### What to do
Each record below should be returned exactly, with its pictures left out.

(Web page caption snippets)

== Segment start ==

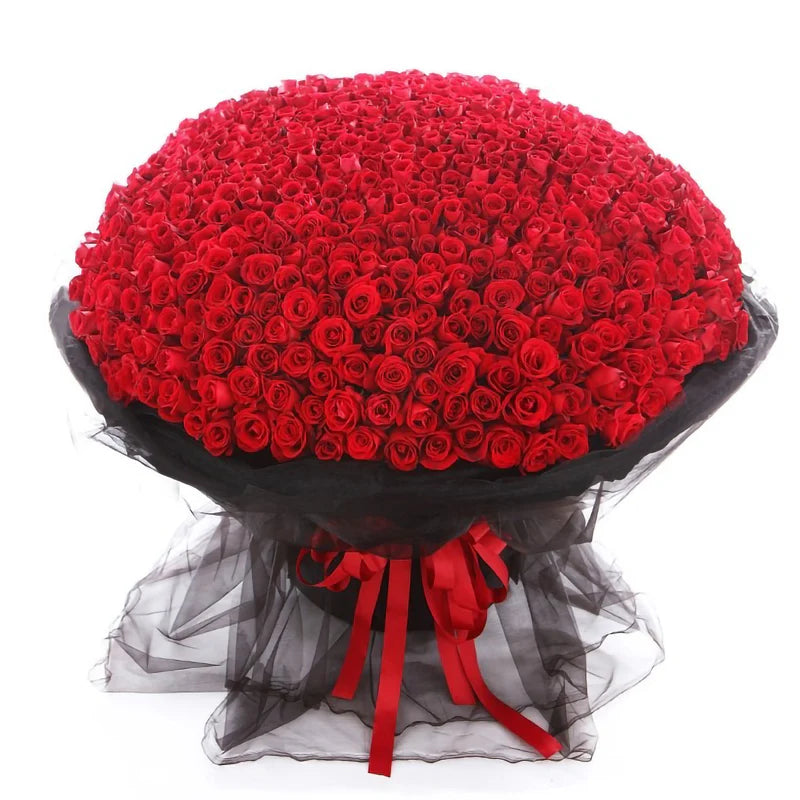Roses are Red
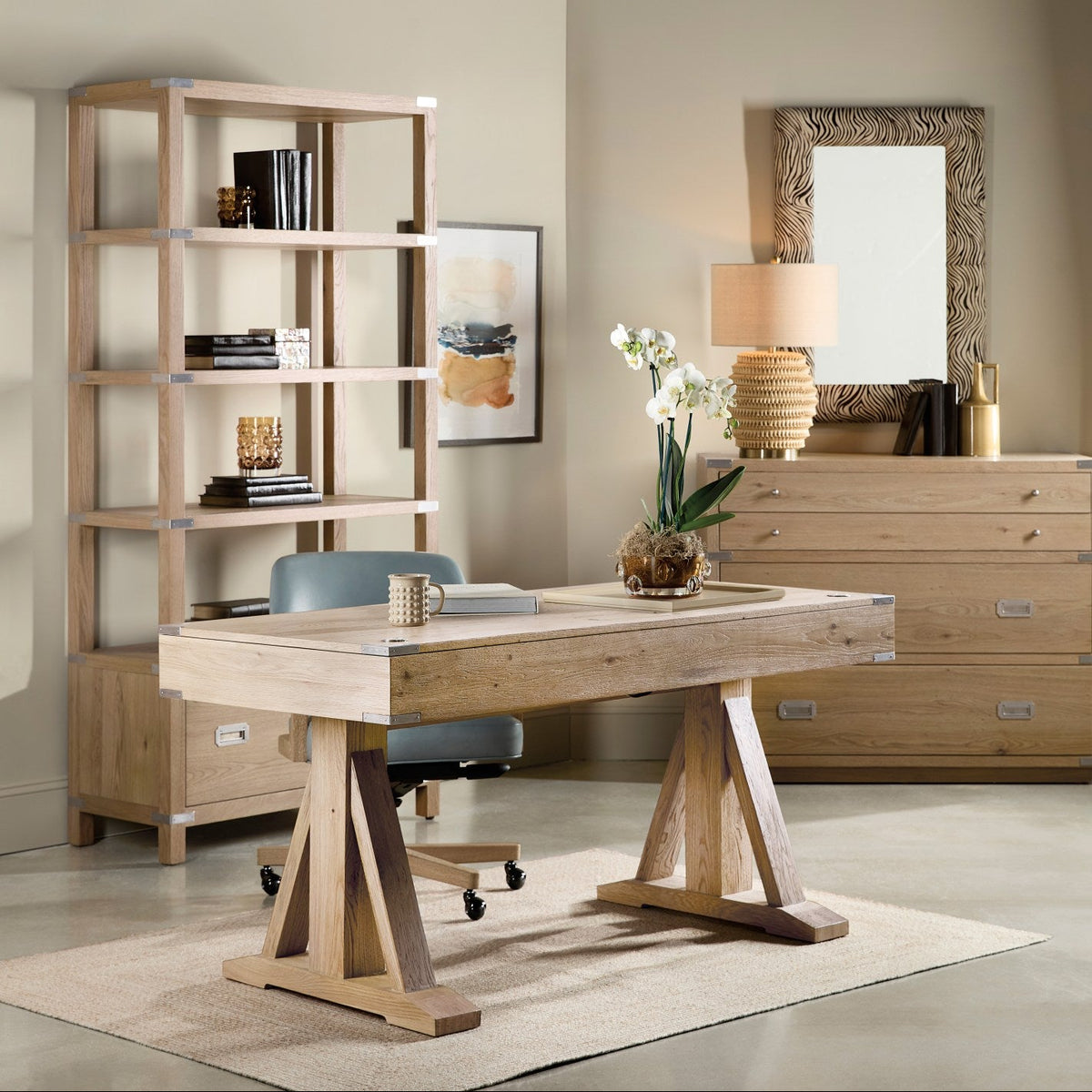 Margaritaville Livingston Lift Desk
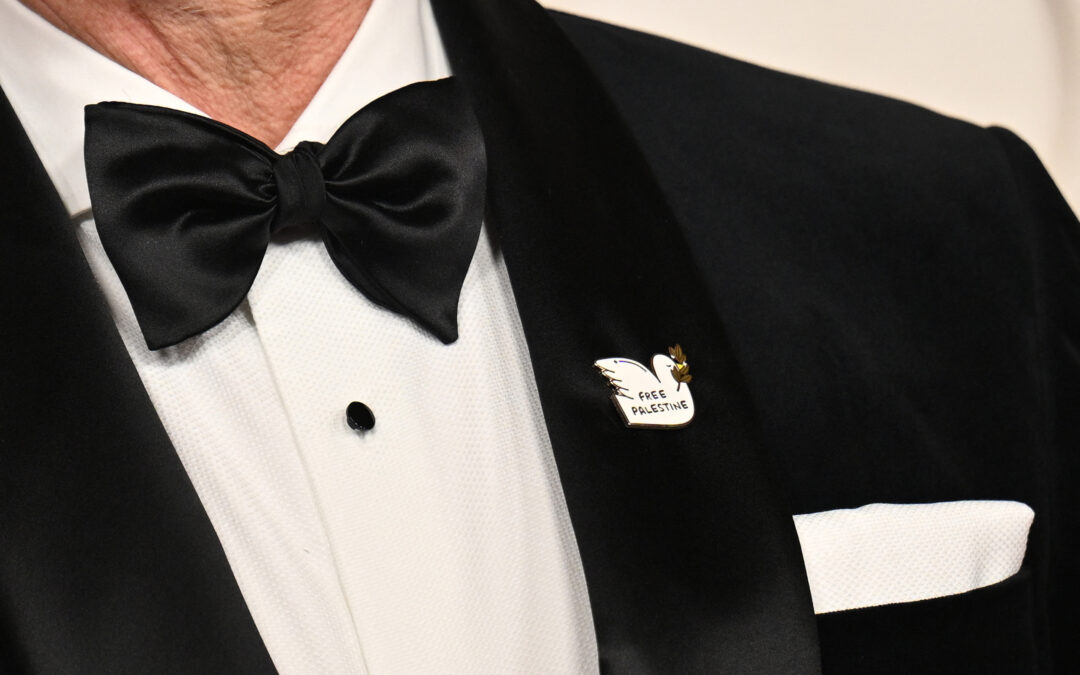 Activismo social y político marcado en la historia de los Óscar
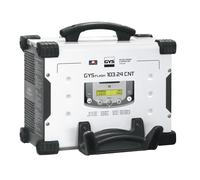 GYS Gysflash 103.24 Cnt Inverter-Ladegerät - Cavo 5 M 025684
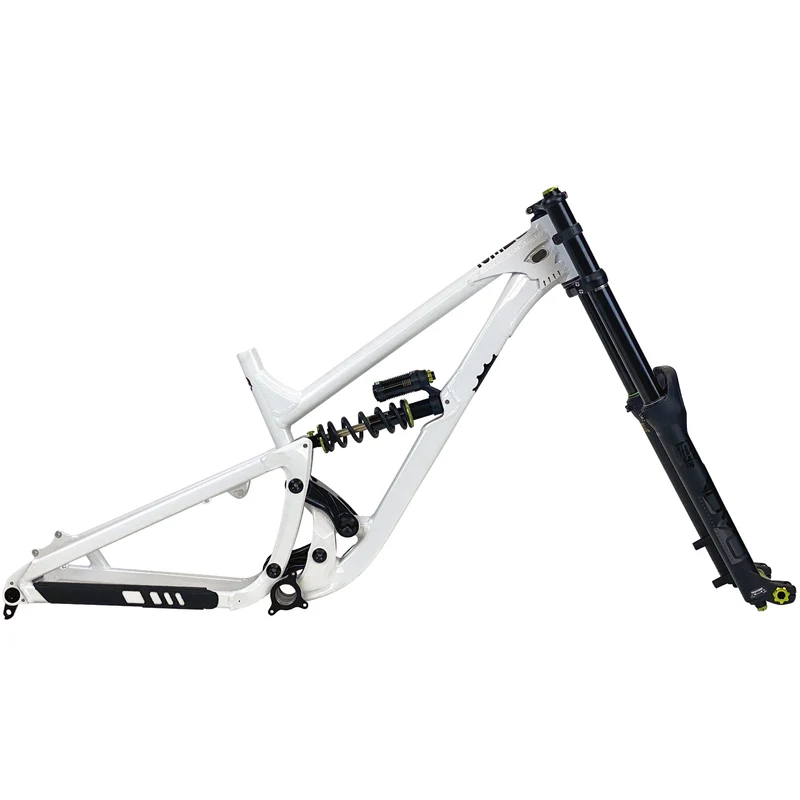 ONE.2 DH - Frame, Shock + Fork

== Segment end ==

### Expected answer
Roses are Red
 Margaritaville Livingston Lift Desk
 Activismo social y político marcado en la historia de los Óscar
 GYS Gysflash 103.24 Cnt Inverter-Ladegerät - Cavo 5 M 025684
 ONE.2 DH - Frame, Shock + Fork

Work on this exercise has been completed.